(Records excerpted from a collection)

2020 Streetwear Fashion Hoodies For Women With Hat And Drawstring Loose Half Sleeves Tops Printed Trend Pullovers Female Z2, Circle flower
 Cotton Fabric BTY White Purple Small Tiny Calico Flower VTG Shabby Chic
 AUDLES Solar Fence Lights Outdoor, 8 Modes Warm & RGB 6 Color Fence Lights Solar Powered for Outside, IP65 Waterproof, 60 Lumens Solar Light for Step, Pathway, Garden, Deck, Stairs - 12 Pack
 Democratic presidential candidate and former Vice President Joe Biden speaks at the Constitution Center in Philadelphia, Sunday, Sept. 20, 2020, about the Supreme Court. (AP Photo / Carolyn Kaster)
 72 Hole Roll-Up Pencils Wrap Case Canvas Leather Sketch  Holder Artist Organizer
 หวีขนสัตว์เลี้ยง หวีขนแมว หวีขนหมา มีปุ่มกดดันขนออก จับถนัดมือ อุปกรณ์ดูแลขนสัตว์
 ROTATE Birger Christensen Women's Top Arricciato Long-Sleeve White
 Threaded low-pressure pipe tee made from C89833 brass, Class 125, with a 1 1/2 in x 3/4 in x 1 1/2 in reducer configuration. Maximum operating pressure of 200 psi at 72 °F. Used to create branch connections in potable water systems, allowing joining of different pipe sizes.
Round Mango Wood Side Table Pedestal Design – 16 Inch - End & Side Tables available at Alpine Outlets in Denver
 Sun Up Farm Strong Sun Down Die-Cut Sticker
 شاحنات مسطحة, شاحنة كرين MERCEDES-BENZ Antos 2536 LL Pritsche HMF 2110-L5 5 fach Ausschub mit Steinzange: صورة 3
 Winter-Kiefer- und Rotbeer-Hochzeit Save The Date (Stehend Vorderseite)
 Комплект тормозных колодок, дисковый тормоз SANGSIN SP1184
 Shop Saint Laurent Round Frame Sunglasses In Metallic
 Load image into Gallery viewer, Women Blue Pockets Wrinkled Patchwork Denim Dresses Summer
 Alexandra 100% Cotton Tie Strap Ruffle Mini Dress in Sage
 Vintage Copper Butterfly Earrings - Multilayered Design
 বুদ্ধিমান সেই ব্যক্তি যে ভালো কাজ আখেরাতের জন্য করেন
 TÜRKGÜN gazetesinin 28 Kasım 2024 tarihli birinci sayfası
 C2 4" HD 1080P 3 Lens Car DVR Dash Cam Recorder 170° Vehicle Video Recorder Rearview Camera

ABOUT THIS EXERCISE -
The entries above hold a line with "ROTATE Birger Christensen" and a later line with "Vintage Copper Butterfly". Write out exactly those lines and all lines between, nothing more.

TASK RESULT -
 ROTATE Birger Christensen Women's Top Arricciato Long-Sleeve White
 Threaded low-pressure pipe tee made from C89833 brass, Class 125, with a 1 1/2 in x 3/4 in x 1 1/2 in reducer configuration. Maximum operating pressure of 200 psi at 72 °F. Used to create branch connections in potable water systems, allowing joining of different pipe sizes.
Round Mango Wood Side Table Pedestal Design – 16 Inch - End & Side Tables available at Alpine Outlets in Denver
 Sun Up Farm Strong Sun Down Die-Cut Sticker
 شاحنات مسطحة, شاحنة كرين MERCEDES-BENZ Antos 2536 LL Pritsche HMF 2110-L5 5 fach Ausschub mit Steinzange: صورة 3
 Winter-Kiefer- und Rotbeer-Hochzeit Save The Date (Stehend Vorderseite)
 Комплект тормозных колодок, дисковый тормоз SANGSIN SP1184
 Shop Saint Laurent Round Frame Sunglasses In Metallic
 Load image into Gallery viewer, Women Blue Pockets Wrinkled Patchwork Denim Dresses Summer
 Alexandra 100% Cotton Tie Strap Ruffle Mini Dress in Sage
 Vintage Copper Butterfly Earrings - Multilayered Design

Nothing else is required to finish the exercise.